Whatever influence or power there may be in the great American Federation of Labor to help you, rest assured that power and influence is behind you until the end.
— Samuel Gompers, speech to Equity members during 1919 strike
 The AFL soon demonstrated their power. After his appearance at the Equity benefit performance, Gompers met with the AFL's executive counsel in Washington, D.C. Shortly after, the AFL shut down the Hippodrome Theatre, which had been left alone by Equity because the theatre was a vaudeville house. $37,000 had to be refunded to 6,000 theatregoers as a result of this shutdown.

===Conclusion of the strike===
After receiving overwhelming support from the AFL, public, press, and unions all over the country, Equity declared victory on September 6, 1919. On this day, the PMA and Equity signed a five-year contract that included most of Equity's demands. All PMA members were required to use AEA contracts. Managers would pay the actors for overtime and rehearsals as well as travel and costumes. The contract also decided that eight shows would constitute a full week's work and established Saturday as the official payday. Finally, the PMA agreed to lift all of the blacklists and lawsuits they had initiated during the strike.

The news made headlines across the country.
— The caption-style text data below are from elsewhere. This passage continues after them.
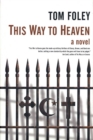 Image for This Way To Heaven: A Novel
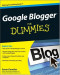 Google Blogger For Dummies (Computer/Tech)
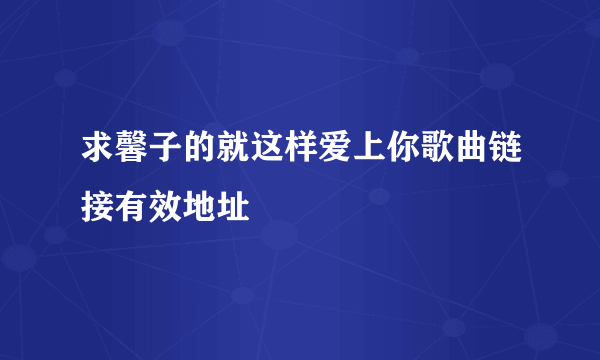 求馨子的就这样爱上你歌曲链接有效地址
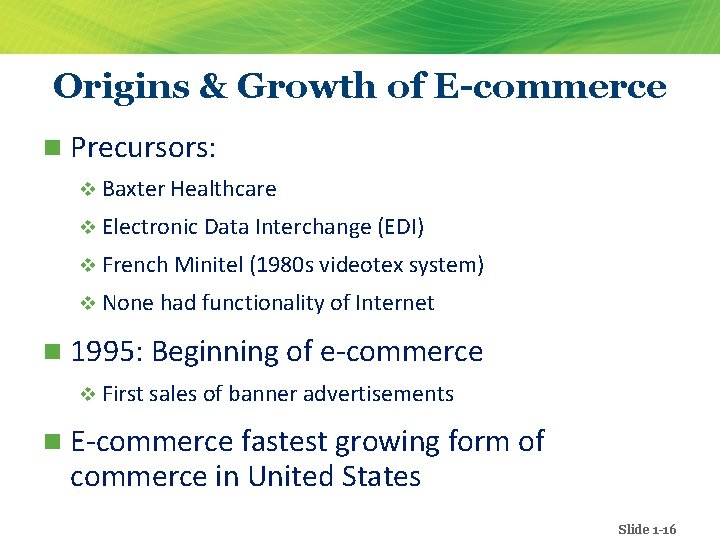 Origins & Growth of E-commerce n Precursors: v Baxter Healthcare v Electronic Data Interchange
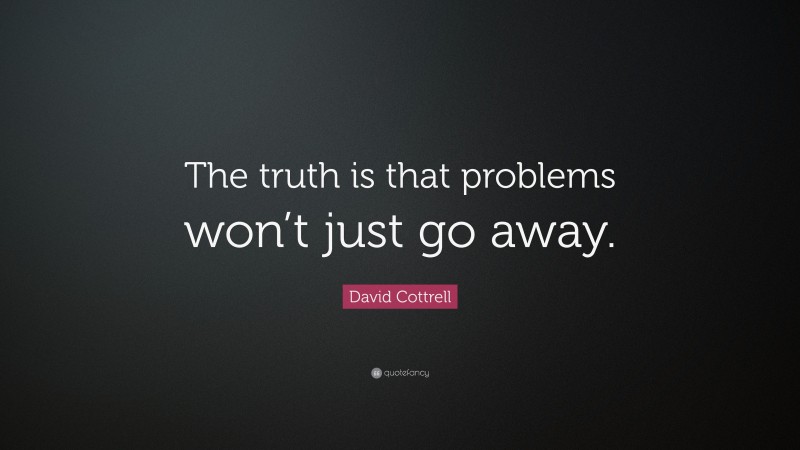 David Cottrell Quote: “The truth is that problems won’t just go away.”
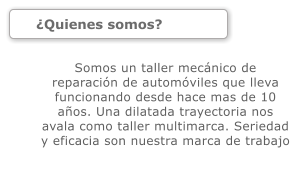 Quienes somos? Somos un taller mecnico de reparacin de automviles que lleva funcionando desde hace mas de 10 aos. Una dilatada trayectoria nos avala como taller multimarca. Seriedad y eficacia son nuestra marca de trabajo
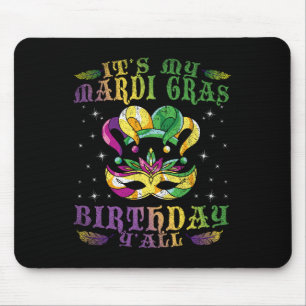 Its My Mardi Gras Birthday Yall Celebration Gift M Mouse Mat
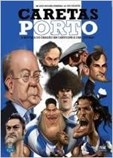 Caretas do FC Porto - A história do dragão em cartoons e caricaturas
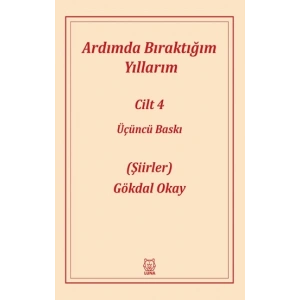 Ardımda Bıraktığım Yıllarım 4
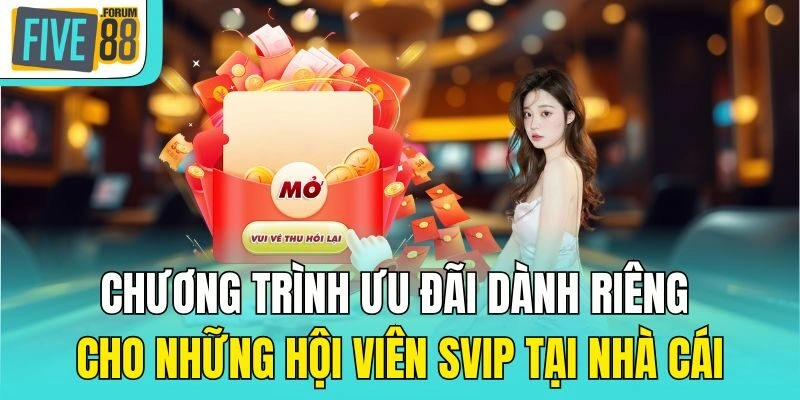 Chương trình ưu đãi dành riêng cho những hội viên SVIP tại nhà cái
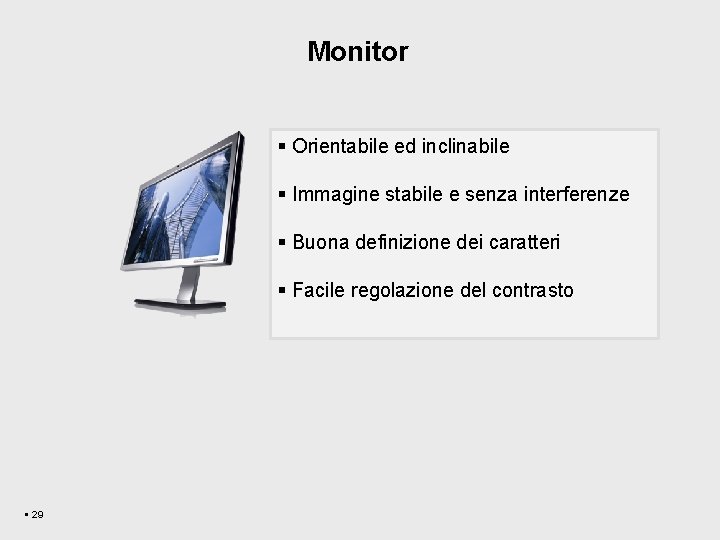 Monitor § Orientabile ed inclinabile § Immagine stabile e senza interferenze § Buona definizione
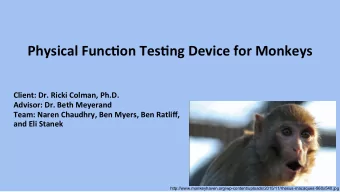 Physical FuncCon TesCng Device for Monkeys  Client: Dr. Ricki Colman, Ph.D.  Advisor: Dr. Beth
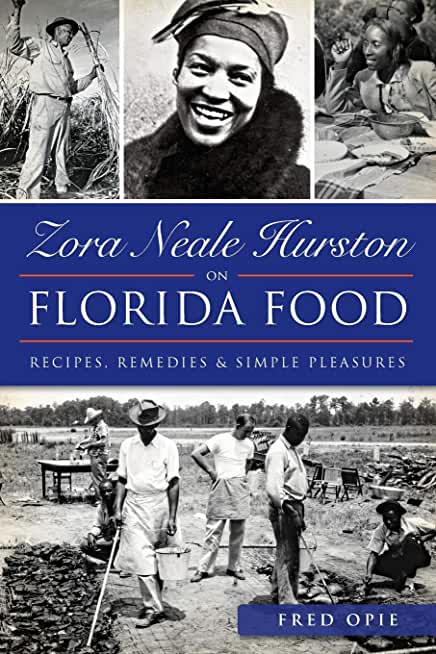 Zora Neale Hurston on Florida Food: Recipes, Remedies & Simple Pleasures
The strike had lasted 30 days and resulted in 37 closed productions, 16 prevented openings, and an estimated loss of $2 million to the theatre industry. By the end of the strike, Equity's membership had grown from a couple thousand members to 14,000 members, and its treasury had grown from $13,500 to $120,000.

==Impact==
The strike changed the definition of labor. Before the strike, neither actors nor the public viewed stage actors as workers, and few thought it even possible for them to organize. However, when actors realized that a union was necessary, the way that actors and acting were viewed began to shift. Instead of believing that they as "artists" were above "laborers," both actors themselves and the public began to consider their work as labor. The creation of Equity and their successful 1919 strike broke the perceived class barrier between the actor and the industrial worker. This shift was noted in a New Republic article, "Acting as a Trade," prior to the strike. The article stated that the managers "gave [the actors] the short end of every contract," as the actors "hugged their romantic pride," unwilling to identify themselves as laborers. The article also said that because the actors faced the same hardships as the working man, they would need to adopt the means of the working man in order to be successful.

Equity's victory in the 1919 strike cleared doubts about the ability of actors and actresses to successfully organize. Actors had some differences that separated them from other unions: actors were constantly on the road rehearsing and performing shows, and there were large disparities between members of Equity in regard to status and salary. Historian Sean P. Holmes noted that the wealth of resources available to the theatre manager in comparison to the actor and the divisions within the acting community itself stacked the odds against the AEA in their battle with the managers. Though it had been thought impossible for actors to organize and strike successfully due to both the logistical difficulties they faced and their initial, negative attitudes towards organized labor, they were able to achieve their goals by means of organizing. Equity's success also encouraged other unions within the industry to form, such as the Chorus Equity Association, which was created five days after the start of the strike by Follies chorus members after they learned that their manager had joined the PMA.